Setting up Hadoop on OSX Mountain Lion

Everyone I know that deals with large amounts of data has been looking closer at Hadoop as it’s matured. Especially with tools like Hive, old datawarehouse hands are taking a serious look at it as a better type of long time data archive and storage. You probably should too.

While most of the time for the types of real work you’d be doing, it makes more sense to spin up Amazon’s EC2, Elastic Map Reduce or another flavour of virtualized Hadoop instance in the cloud for the clustering and crunching benefits, it’s very good to have a local install for development and testing.
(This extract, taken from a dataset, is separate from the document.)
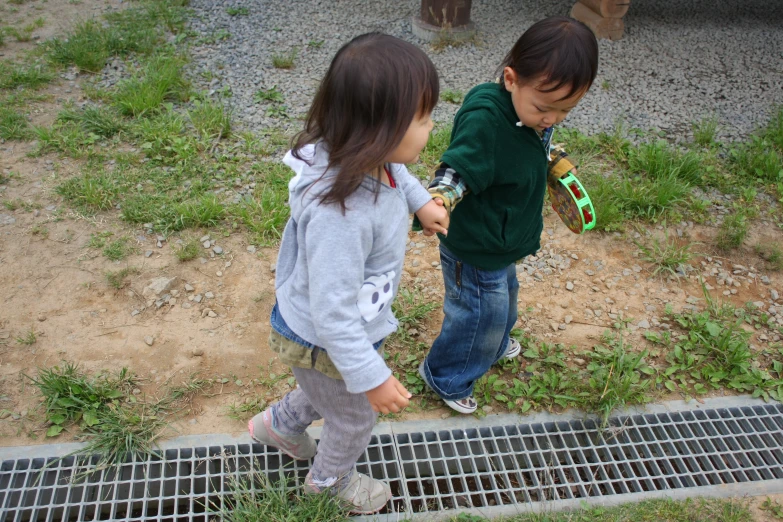 two small children standing in grass by a drain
This walkthrough should take you about 15 minutes to get Hadoop up and running.

So What Is Hadoop?

Basically, what it allows you to do is take huge amounts of data, or computationally difficult problems, chop them into little bits, solve the little bits and then recombine them all to arrive at an answer for the original big problem.

While it uses an open source implementation of Google’s MapReduce and GFS file system to do that, Hadoop is also the open-source set of tools around this incredible ability to solve data-intensive, distributed applications.
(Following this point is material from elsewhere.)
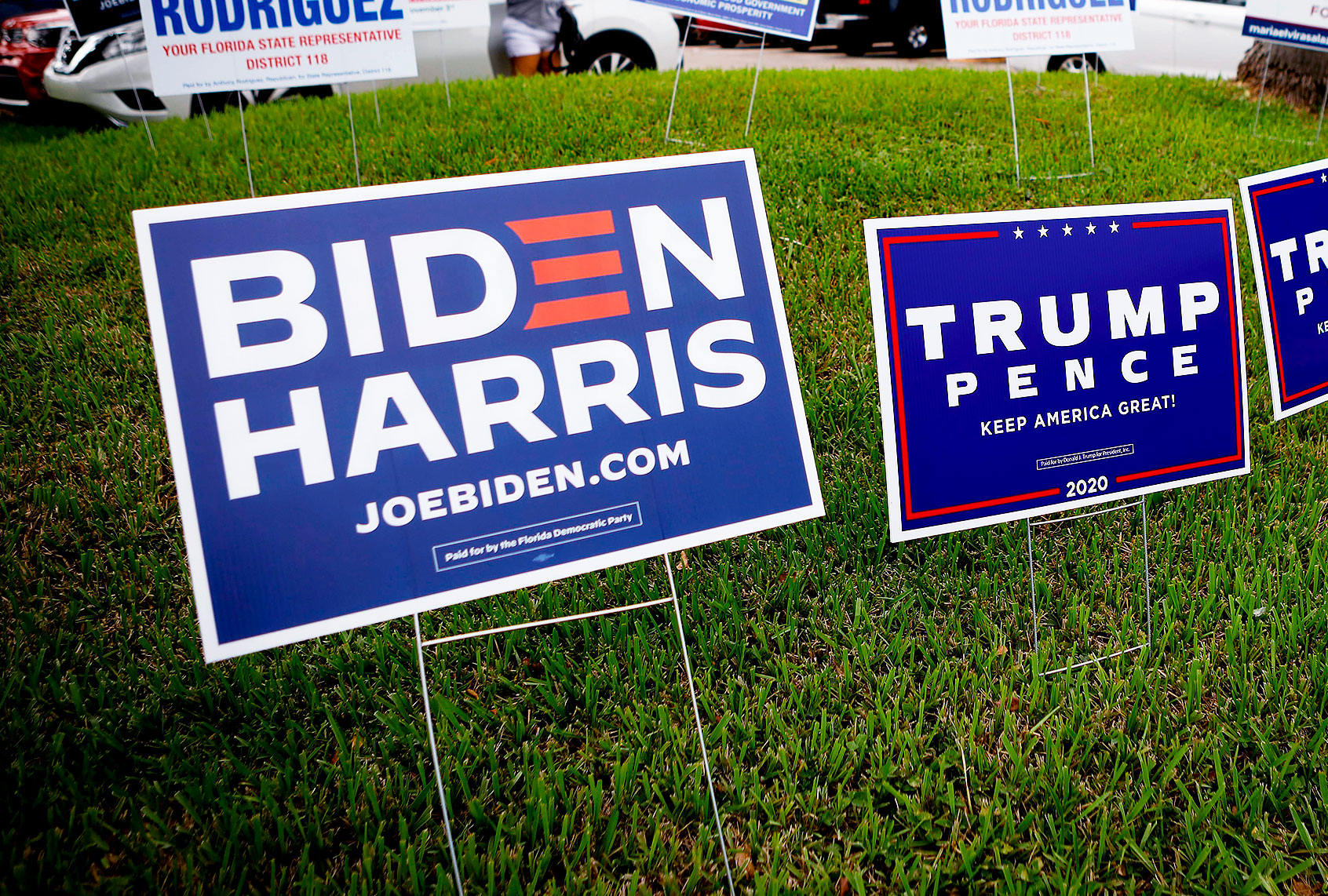 Campaign signs are seen at Westchester Regional Library in Miami, Florida on October 19, 2020. (EVA MARIE UZCATEGUI/AFP via Getty Images)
Most importantly perhaps, those tools allow the running of those applications on large clusters of cheap computers, making problems formerly the domain of super computers within the reach of us normal mortals and even more quickly solvable in some cases.

Learning it, and all the tools, does have a fairly steep learning curve, so a nice little HOWTO to get it installed locally is a Good Thing. ™

Here we go.

Prerequisities

There are a couple. Just for reference, at time of writing, I’m running OSX 10.8.2 with all System Updates and Hadoop is at 1.1.1. The amazing Homebrew needs to be installed as that’s what we’ll be using to get the package (if you’re not using it, you really should be.).

Java

You do need java installed and it needs to be of the 1.6.x version, so do make sure you have that installed and that it’s working:

$ java -version
java version "1.6.0_41"
Java(TM) SE Runtime Environment (build 1.6.0_41-b02-445-11M4107)
Java HotSpot(TM) 64-Bit Server VM (build 20.14-b01-445, mixed mode)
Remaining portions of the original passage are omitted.